One must always take the “discussion” section of a psychological research report with a grain of salt. Empirical researchers tend to use a vocabulary of distance to describe their findings. But words are just words, not the findings themselves, and they often reflect a particular ideology hiding behind the neutral data. Phrases such as “reward system” and words such as “cues” evoke metaphors drawn from behaviorism that are anathema to most people who feel the world through their own skin and view the world through their own eyes. When a person struggling with alcoholism passes a liquor store and feels compelled to go in and buy a bottle of something, is the liquor store really a “cue?” Perhaps it would be closer to the person’s experience if we think of the liquor store as holding a powerful storyline buried deep in it by many past actions, a storyline that involves going in, paying for a bottle and then pulling from that bottle in the parking lot. That storyline can be understood as a kind of narrative envelope that insists on being filled in unique ways, that sucks the person into enacting an actual story – buying a different kind of alcohol today, sitting in a different parking spot in the parking lot.
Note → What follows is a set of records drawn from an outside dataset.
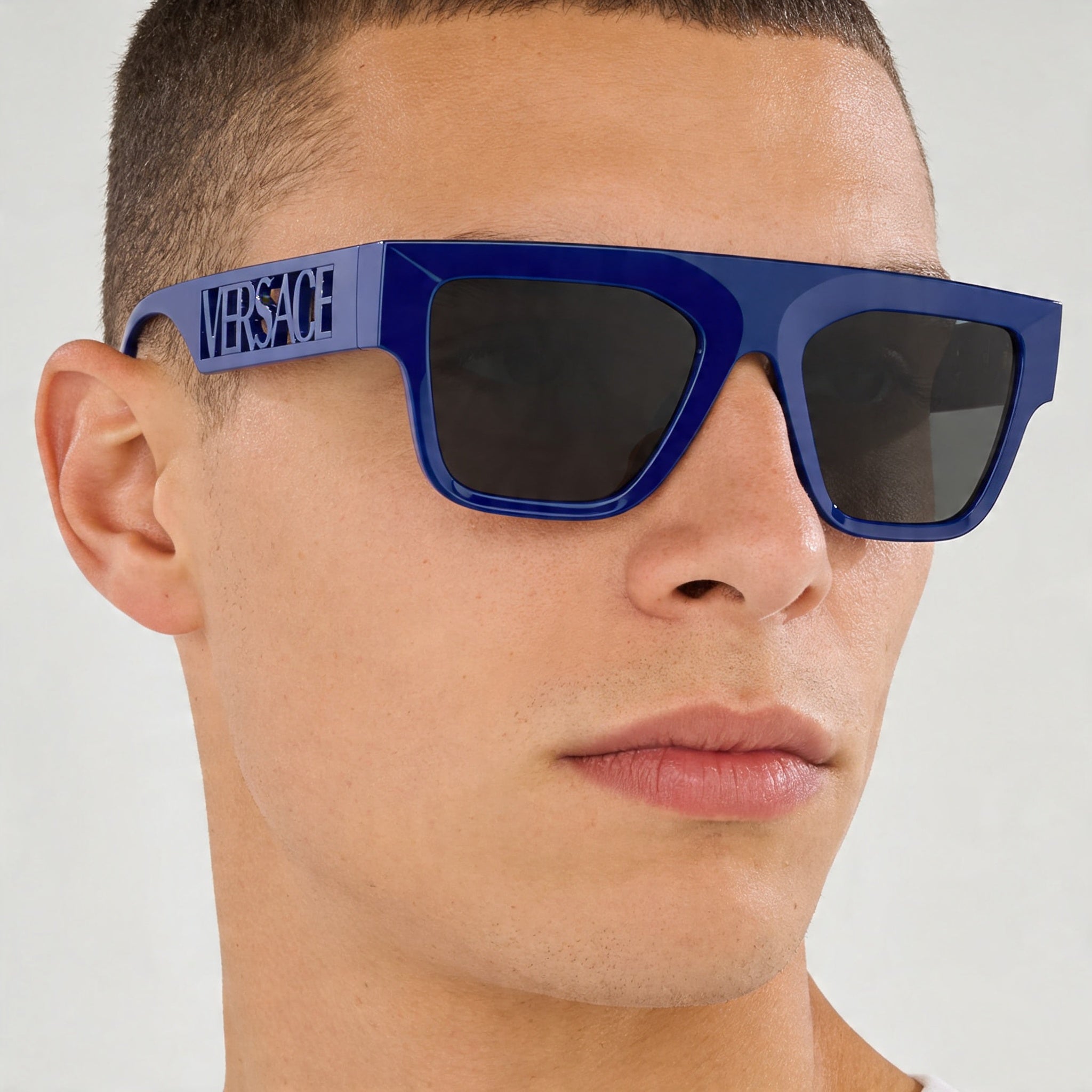 Versace Men's Contemporary Multi-Coloured Injected Rectangle Prescription-Ready UV Protection Sunglasses 53mm, Photo 4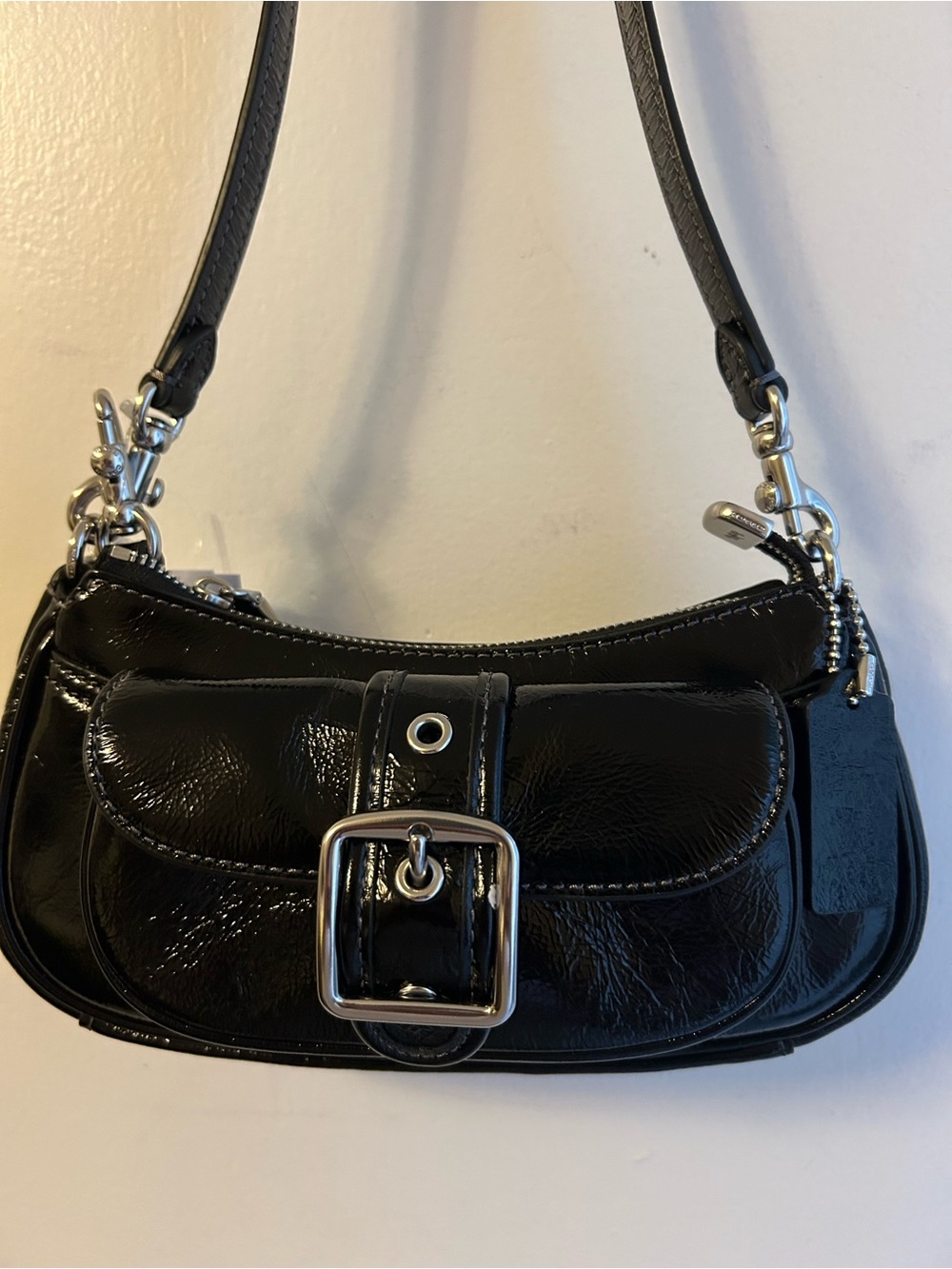 Coach Black Patent Ashton Shoulder Bag with Silver Buckle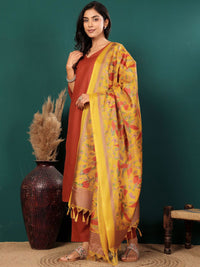 Varanga V-Neck Straight Kurta with Trousers And Dupatta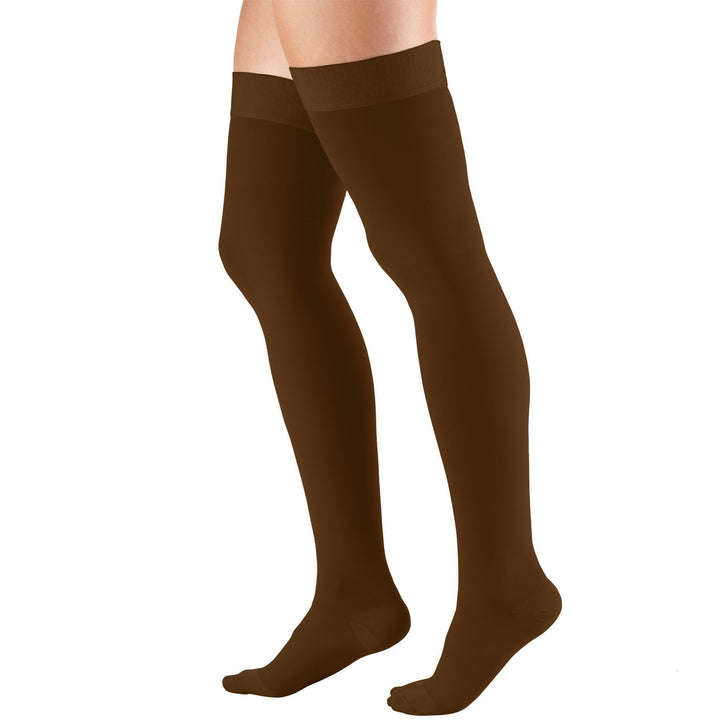 Truform Cuisse haute 20-30 mmHg avec dessus à pois en silicone, marron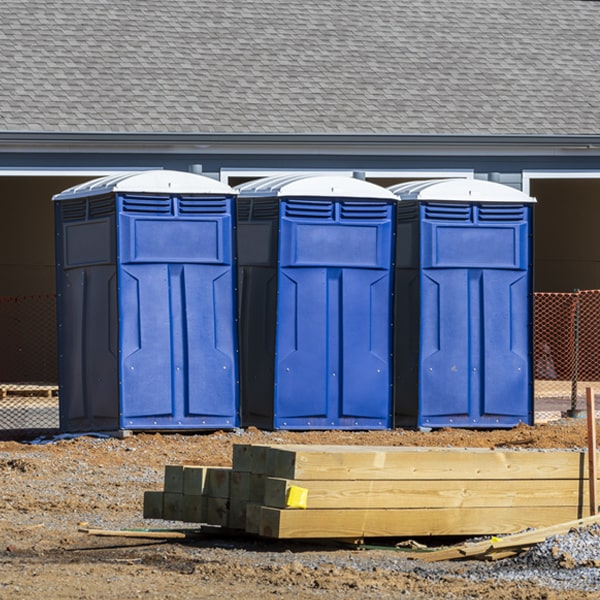 how often are the porta potties cleaned and serviced during a rental period in Brent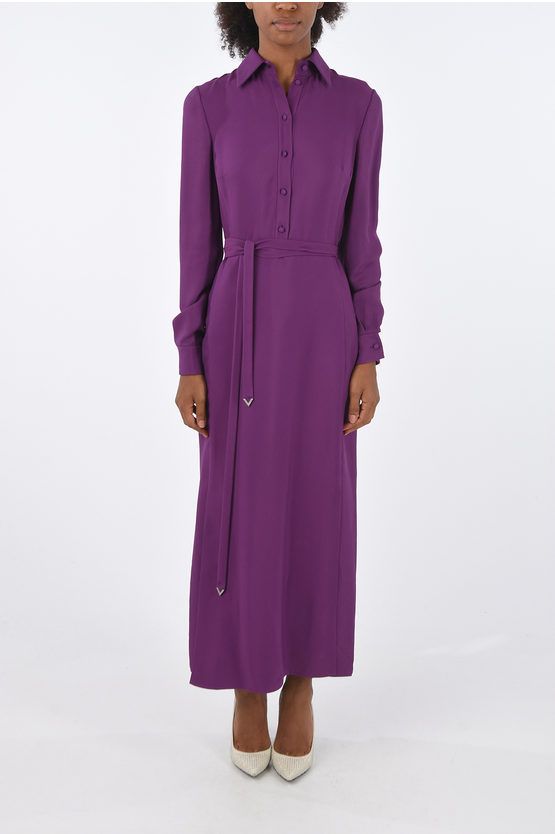 Valentino Vestito Chemisier a Maniche Lunghe con Cintura donna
The affordances of objects
We can think of our relation to all objects in our world as similar to that of an alcoholic to a liquor store. The ecological philosopher Gibson argues that we don’t perceive objects objectively and then infer how to use them. Rather, we see objects immediately, holistically, in term of what we can do with them. Objects appear to us as affordances for action.
Take the example of a fly. A fly sees the world in terms of its use for him, in terms of surfaces to land on, open spaces for flight, or obstacles that need to be avoided. Rather than “seeing” a world made of abstract objects, the fly’s sensory system is tuned to detect those features that are immediately relevant to its survival and behavior. The fly perceives the world in terms of what it can do with it - — landing here, flying that way, or dodging a potential threat. For the fly, and by extension for all organisms, the world is understood through its affordances — the opportunities for action that it presents.
In the human world, an affordance is a suggestion for a sequence of meaningful actions. For example, my office chair affords my sitting on it, turning on my computer and creating stuff with words on my desktop. The storyline pulls to be filled with a particular story that completes but also inevitably overflows its sketchy structure. This notion of objects exerting narrative pull revises the Freudian idea of cathexis, in which motivation starts in the body and then attaches to things. Here motivation lies neither in the body nor in things themselves but in a relation between the two, in the way things appear to a person and in what that person does with the object’s call to action, which depends on that person’s history with the object and on the culture in which that person lives. In short, as things become narratively weighted with our actions, they can be understood as exerting a pull for us to enact stories that fill their narrative outline.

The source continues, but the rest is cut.